▸ What you need to do
Every line of the material must be given again verbatim. Skip the images.

▸ Supplied information

*** Block opens ***

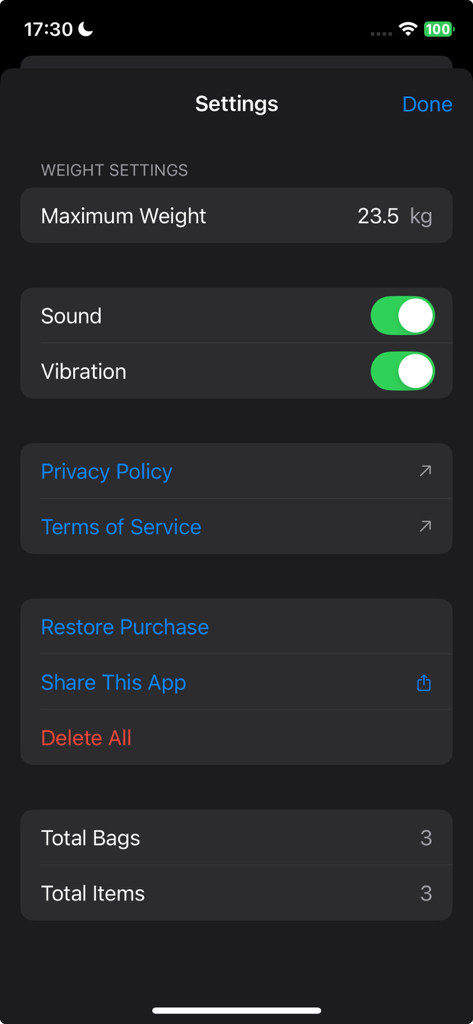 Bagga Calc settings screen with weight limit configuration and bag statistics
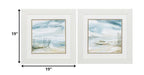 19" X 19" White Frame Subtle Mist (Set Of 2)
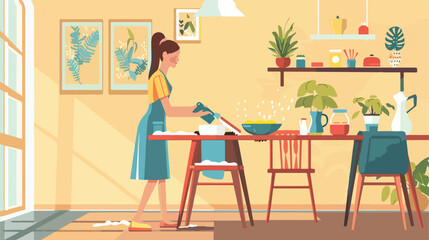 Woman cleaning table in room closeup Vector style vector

*** Block closes ***

▸ Problem solution
 Bagga Calc settings screen with weight limit configuration and bag statistics
 19" X 19" White Frame Subtle Mist (Set Of 2)
 Woman cleaning table in room closeup Vector style vector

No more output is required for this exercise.